In the 18th century, agriculturally productive land and economic security meant that living conditions for the typical south Indian were far better than for the average European. Similarly, China’s cotton production industry flourished in the 18th century, with an output equal to that of Britain. Traditional Western scholarship suggests that by the 19th century, Europe’s Industrial Revolution took off while Asia failed to develop. However, the cotton industry in Asia was “defeated not so much by market competition” as by militarized imperialism:

[…] from about 1780 or 1800 onward, every serious attempt by a non-Western society to move over into a fast lane of development or to regulate its terms of trade was met by a military as well as an economic response from London or a competing imperial capital (312).

Britain’s economic depression from 1873-1896 led liberal capitalism to look to China and India for rescue. Britain depended on Asia’s trade credit. India acted as a “captive market” for British exports while local producers were prevented from selling similar goods. The East also suffered due to imperial military costs and the British imposition of the gold standard. Military costs comprised at least 25% of the Indian budget, supporting British imperialist wars across the Global South, and officials often pillaged the Famine Relief Fund to finance campaigns. China, meanwhile, suffered waves of costly civil war during the second half of the 1800s. At times, up to 75% of the Qing budget went to military costs so that previous imperial support for infrastructure projects like canal management and irrigation vanished. The gold standard devalued currency across the non-Western world, where silver or bimetallic coinage remained in circulation. The British benefitted from “keeping the rupee tied to silver […] since the value of its exports (denominated in gold) to India increase in value while its imports (denominated in silver) declined in value” (321).

Demographic explanations for India and China’s famines are overstated. Europe experienced more population growth during the 19th century than the East. Population pressure did not force poor cultivators onto land with inferior fertility in India, for example. Instead, the British demanded high yields for tax collecting purposes, causing the peasantry to resort to farming “marginal lands” (324).

The West coped with demographic growth by relying on imported resources, emigration to colonies, and the Industrial Revolution.

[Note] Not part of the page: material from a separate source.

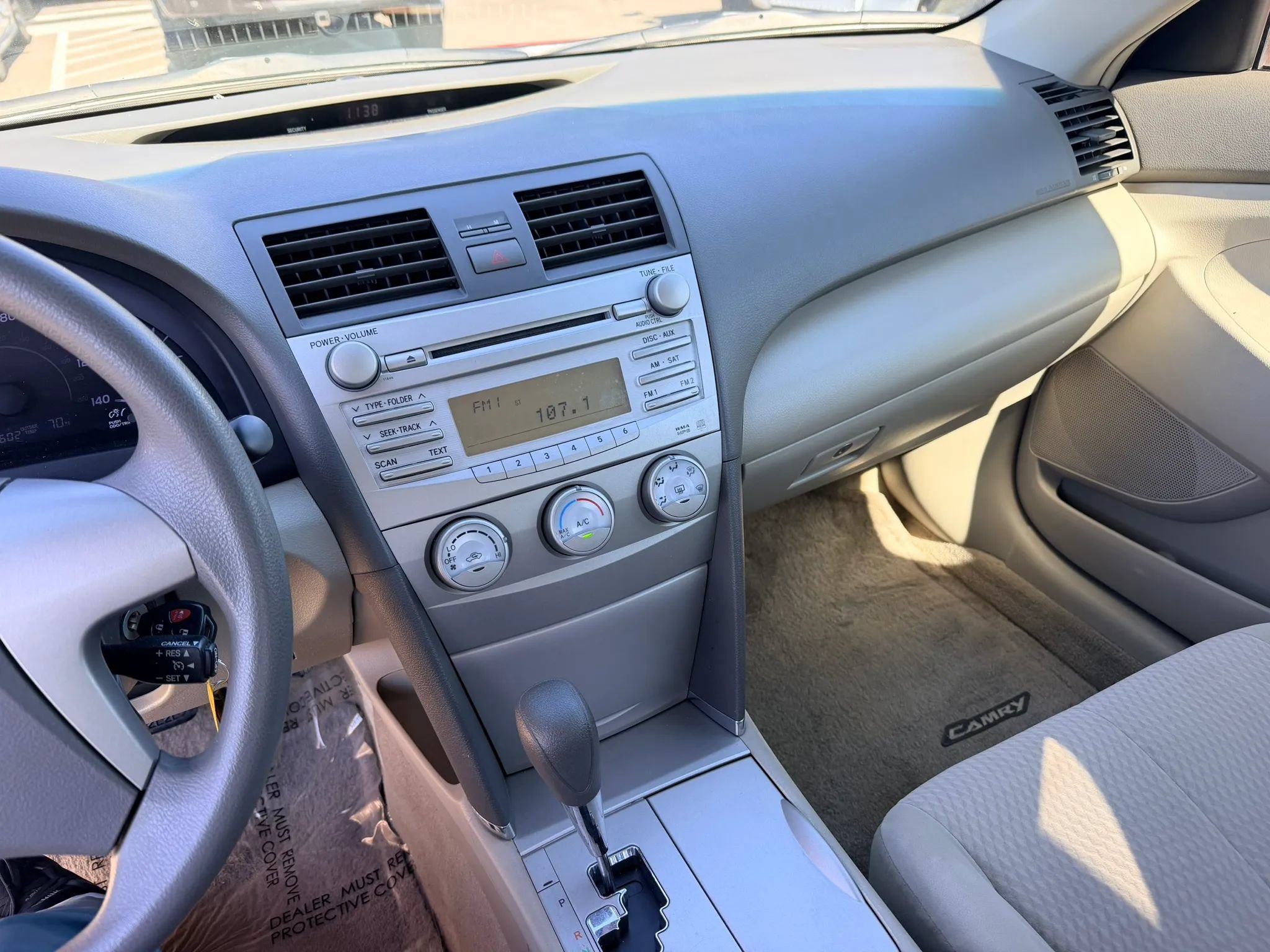 Used 2010 Toyota Camry LE FWD image 13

Lack of access to appropriate water resources also contributed to the Global South’s vulnerability to ENSO-driven drought: “[…] the nineteenth century was characterized by the near-collapse of hydraulic improvement” (327). The British Raj’s taxation prevented maintenance of irrigation systems in India, where traditional methods of water collection vanished. China, similarly, failed to maintain this infrastructure. The Brazilian government completely neglected irrigation works in the Nordeste. Thus, as people migrated to marginal lands, they received little of the infrastructure support that would have made farming productive and protected them from the effects of climate catastrophes. The intersection of this “ecological poverty” with “household poverty and state decapacitation” created a “third world” subjected to the consequences of intense El Niño cycles (328).

Chapter 10 Summary

Per capita income in India under British rule stagnated and, in the latter 19th century, dramatically declined. Food was scarce, while bountiful cash crops flowed out of the subcontinent since peasant farming was “radically undercapitalized” (330). Industrial development, like railroads, and India’s entrance into the global economy failed to generate development for much of the country.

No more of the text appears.